Через два дня я снова пошел туда, но как ни искал, не смог найти маленькую площадь. Я твердо знал, что она должна находиться между Сан-Педро-де-Алкантара и Авенидой. Где-то там, в закоулках ночного бодрствованья, там еще всегда всю ночь открыт кабачок, чьи окна, не выше метра над тротуаром, обещают вам любовные и дружеские утехи… Но может быть, я ошибся? Все свое детство и юность я провел в провинции. Лиссабон для меня до сих пор и, наверное, навсегда — чужой город, хотя я в нем живу давно и во многих его кварталах я не заблудился бы даже с завязанными глазами.

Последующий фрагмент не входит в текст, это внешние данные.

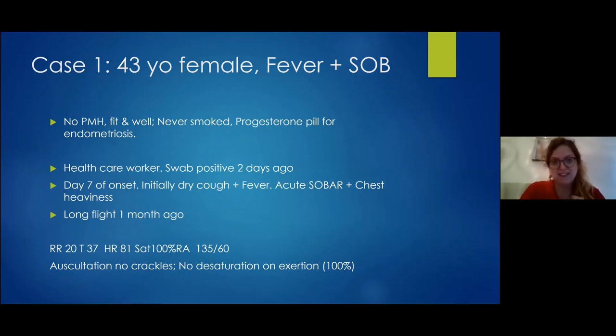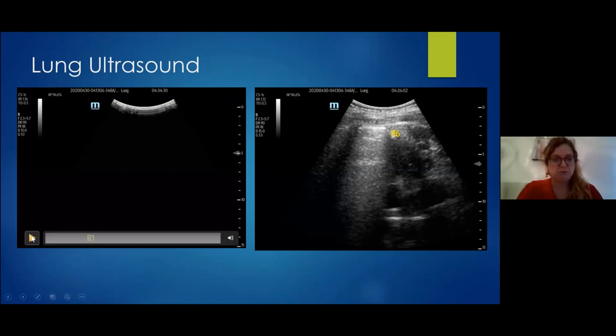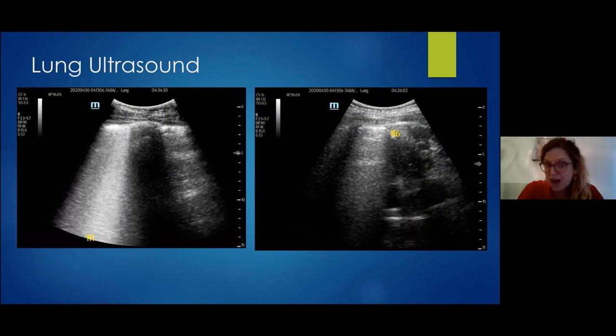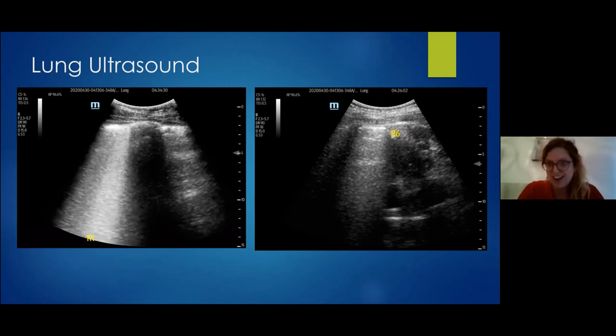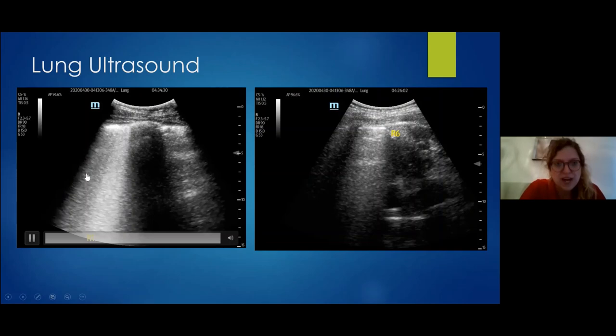We did lung ultrasound right away. This is R1 — she is not known for any cardiac failure. In the first lung zone on the right side of her chest, she had coalescent and multiple B-lines — basically a waterfall appearance. They start from the pleura and go down the screen, keeping the same brightness all the way down.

Ночь была молочной, пронизанной блестящими зрачками звезд. За оградами — старые пальмы, там и тут — ночные солнца реклам, монументы — приманка для туристов — с оранжевой подсветкой, как на почтовых открытках. Я шел и шел, потом вернулся назад, присматриваясь ко всем углам и поворотам, и наконец нашел, вернее, подумал, что нашел ту улицу со старыми домами и вытянутыми стенами, за которыми скрывались сады (или студии художников). И все же все вокруг было неузнаваемо: в тот раз дождь преобразил приметы квартала, и я видел его как бы через стекло. Метрах в ста, действительно, имелась маленькая площадь, но поблизости я не обнаружил ни сада, ни скамеек. И где дом, в котором она живет, с вестибюлем, облицованным черным мрамором? Ничего похожего…

Я понял, что не найду ее. Неудача отозвалась во мне болью. Но почему? Ведь она не выказала желания снова встретиться со мной. Ей нужно было то, что она получила, ничего больше. Но что-то во мне протестует. Да, для нее это всего лишь случайная встреча, романтическое приключение. Теперь оно уже произошло, отодвинуто в прошлое, занесено в картотеку памяти (а то и просто в картотеку).

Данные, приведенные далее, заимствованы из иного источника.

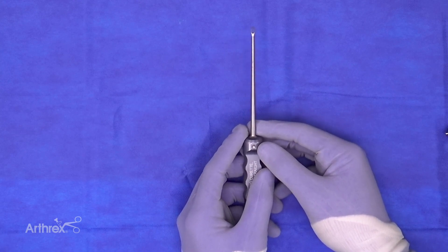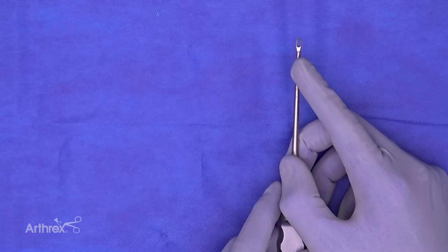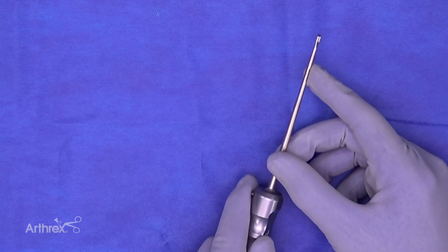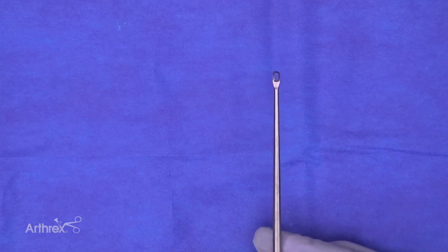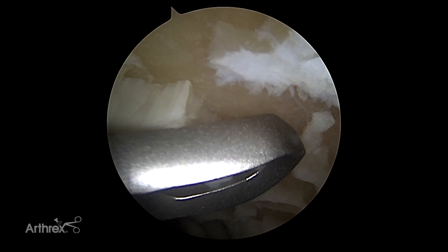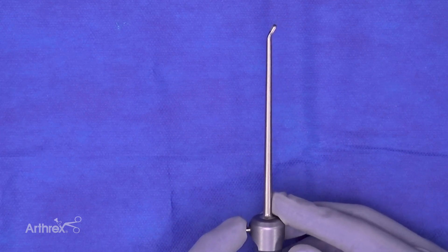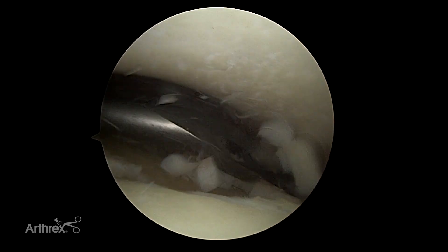We have three versions of ring curettes. One improvement from the original arthroscopy set is that we beefed up the neck of these instruments and went to a more rigid stainless steel — they won't break or dull as quickly. We have a straight curette cutting on both sides, a curette with a slight up-curve on the tip, and finally a down-curve curette that works well in the posterior aspect of the talus.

А я хотел бы повторить его, даже продолжить… Ничего не поделаешь. Все произошло так, как и должно было произойти. Не следует гоняться за недостижимым абсолютом (миражем), ведь можно избрать неспешно-относительное приближение к абсолюту — в пределах возможного.

Но существуют же этот дом и сад и сама эта женщина? И где-то здесь, в этом квартале. Начну-ка сначала, обшарю все улицы и переулки (поохладив пыл нетерпения).

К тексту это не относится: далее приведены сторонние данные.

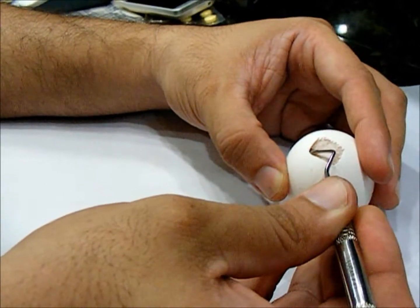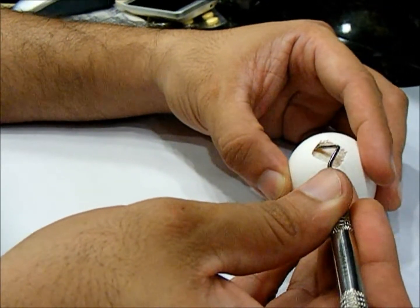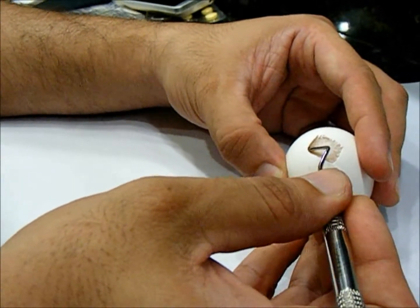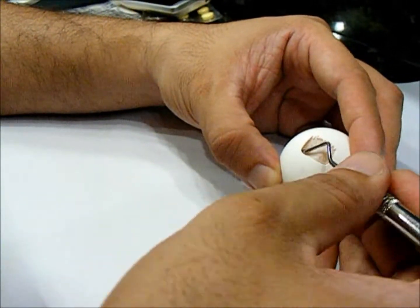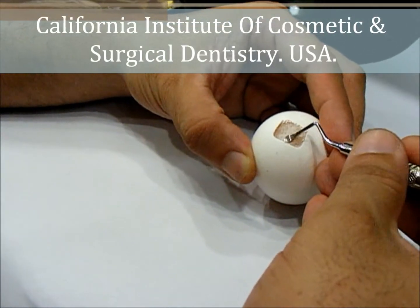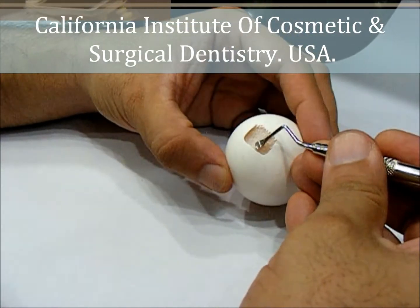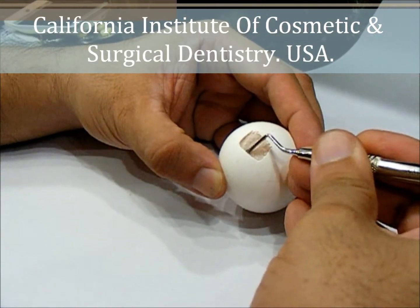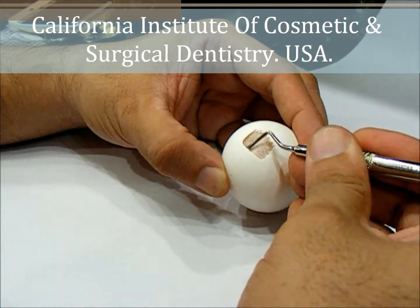Slow but steady, I am able to advance my instrument to about 3 to 4 mm in depth. One thing has to be understood: here in the case of an egg, the internal anatomy is very nice and smooth — you are not going to get that in the maxillary sinus.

Однако стоит ли? Порой меня злит, когда кто-нибудь из моих друзей вдруг теряет веру в человечество, вернее, веру в то, что будущее человечества — социализм, коллективное начало. Но ведь мой упадок духа, мое равнодушие к собственной судьбе куда глубже, чем у любого из них. Похоже, я разлюбил себя. И обхожусь с самим собой, как с автомобилем, которому пора на свалку.

Видно, я так и не найду этот заколдованный дом, хотя он так же реален, как бродячий пес, подошедший ко мне и лизнувший мою руку. Оба мы — бродячие псы. Сдаюсь. Иду домой спать.


Это все равно что, утратив себя, влачить на своем горбу собственную жизнь. Ежеминутно попирать себя, отрицать себя, даже когда думаешь, что утверждаешь, словом — наводить тень на ясный день. Знаешь, о чем я говорю? О лжи. По крупному счету и по мелочам. О лжи коварной, о лжи из сострадания, о лжи по заведенному обычаю, о лжи-уловке, о лжи самому себе — о нашем хлебе насущном на том отрезке вечности, именуемом жизнью, который так трудно пройти.

Да, ложь удобна, потому к ней и привыкаешь. Если каждый день не допрашивать себя с пристрастием, привыкаешь принимать за правду ложь, которая, может, и была правдой, но вчера. Мы открываем лазейку для призраков, темных и незрячих, и они поселяются в наших снах, взмахивая коротким бичом: с него стекают молнии, он змеей обвивает нам шею и вынуждает нас ночи напролет смотреть фильмы ужасов, то лишенные всякого смысла, то, напротив, перенасыщенные всеми возможными смыслами, загнанными в лабиринт подсознания…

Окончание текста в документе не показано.